_Your objective:_
The line with "12V Bumping Kids" marks the first line to copy, and the line with "709 2nd Street, Saint Marys, WV 26170 - #2" marks the last. Transcribe that stretch of the data below exactly, without pictures.

_Records supplied:_
============

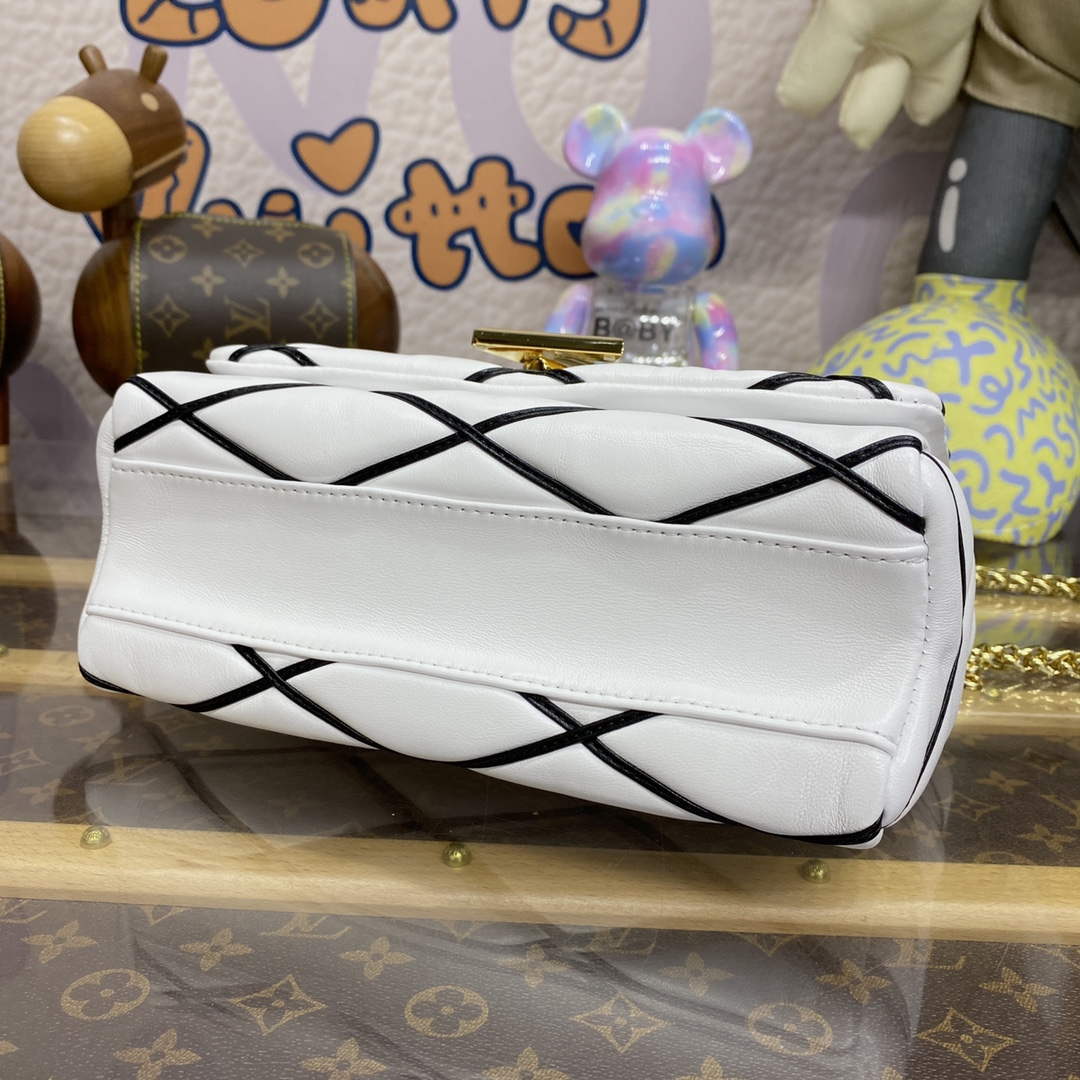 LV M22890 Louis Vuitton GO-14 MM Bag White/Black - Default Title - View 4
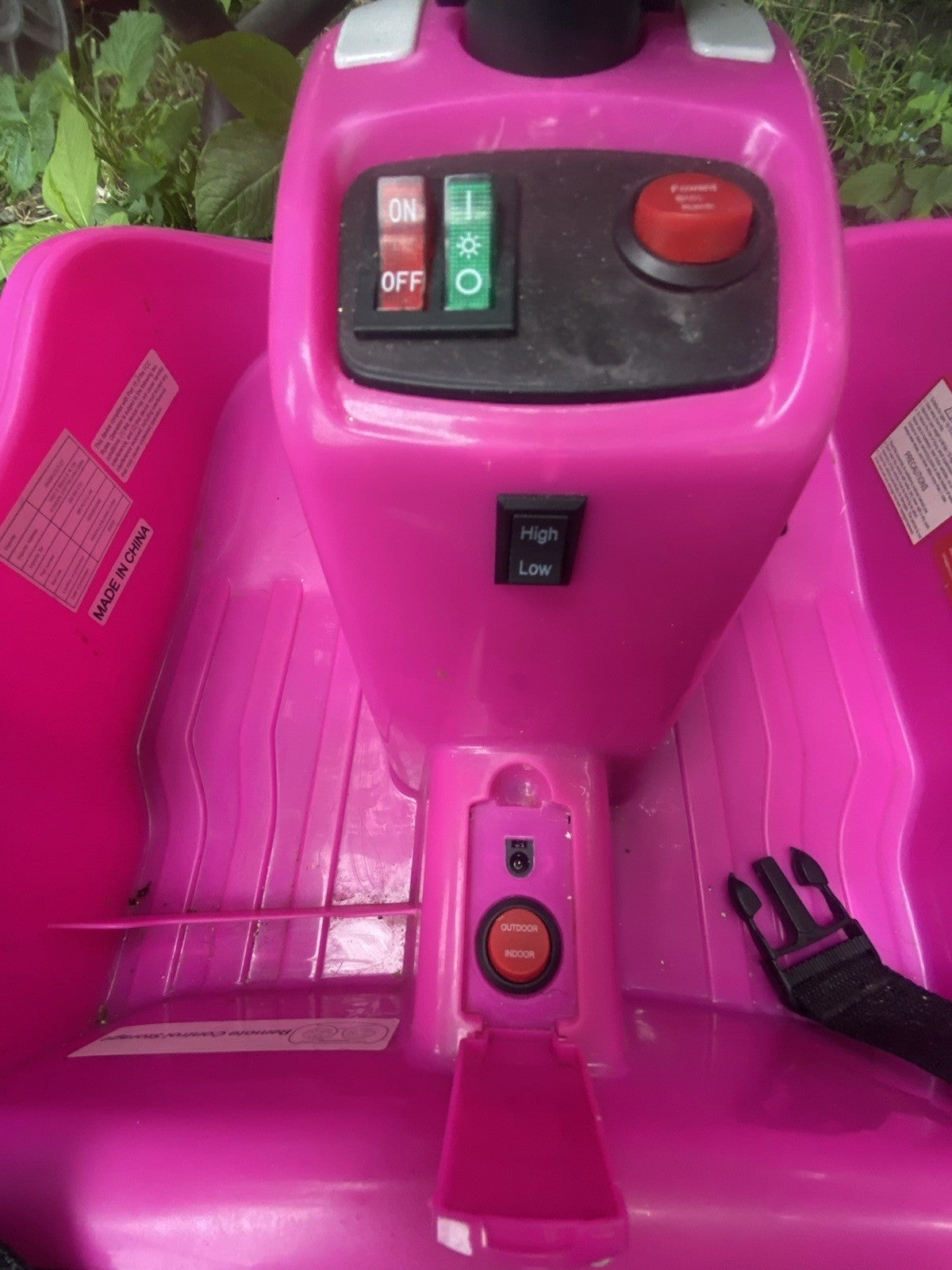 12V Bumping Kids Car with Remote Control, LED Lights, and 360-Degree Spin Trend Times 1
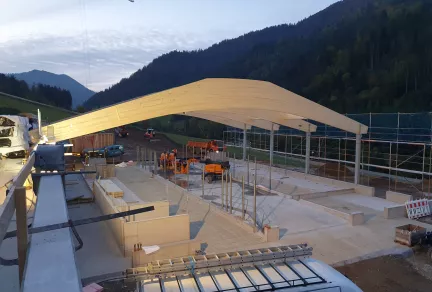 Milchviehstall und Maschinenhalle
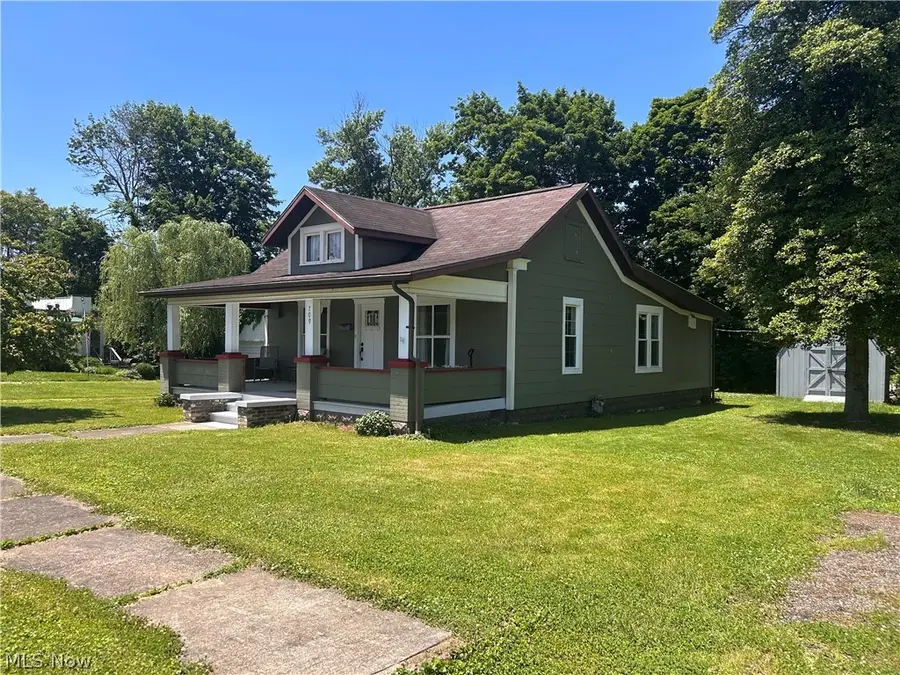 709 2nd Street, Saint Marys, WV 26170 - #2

============

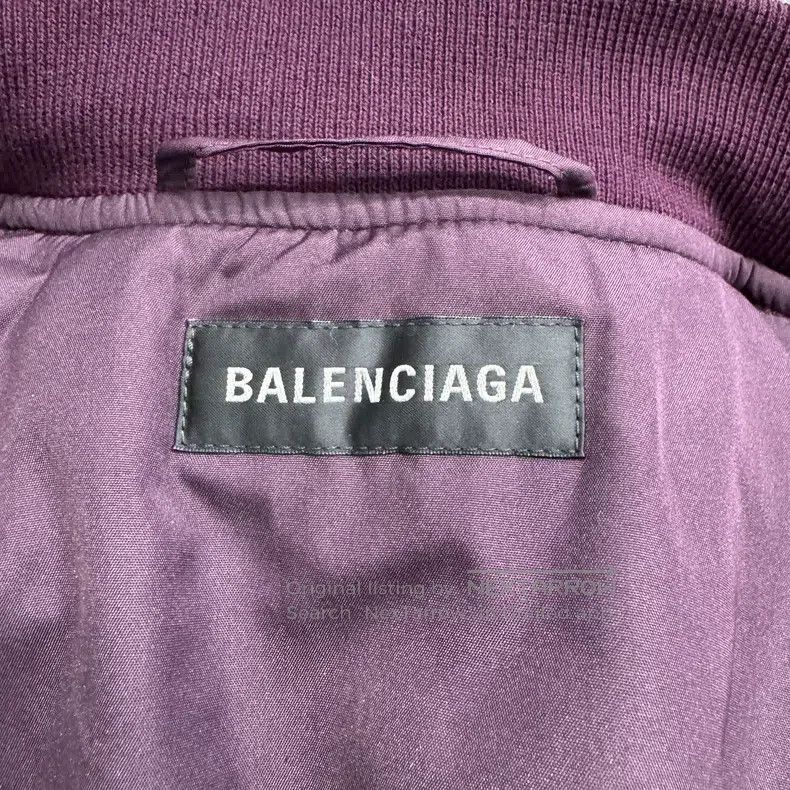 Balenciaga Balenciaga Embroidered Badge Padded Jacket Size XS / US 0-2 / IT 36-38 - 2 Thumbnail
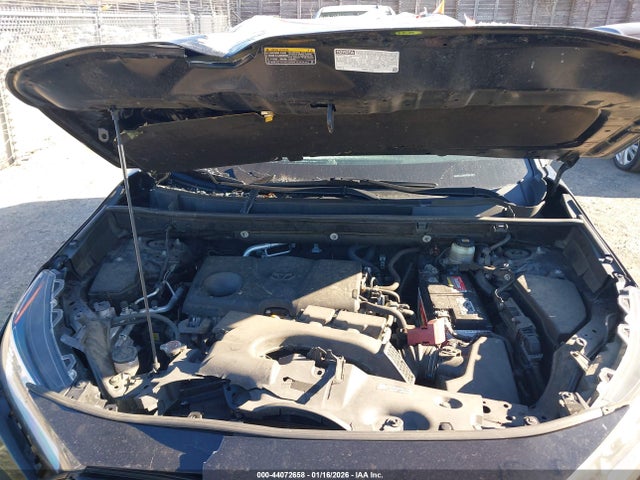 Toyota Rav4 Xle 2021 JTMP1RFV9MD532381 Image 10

============

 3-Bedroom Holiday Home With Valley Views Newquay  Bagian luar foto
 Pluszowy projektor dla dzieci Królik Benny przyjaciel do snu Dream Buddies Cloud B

============

_Response to the exercise:_
 12V Bumping Kids Car with Remote Control, LED Lights, and 360-Degree Spin Trend Times 1
 Milchviehstall und Maschinenhalle
 709 2nd Street, Saint Marys, WV 26170 - #2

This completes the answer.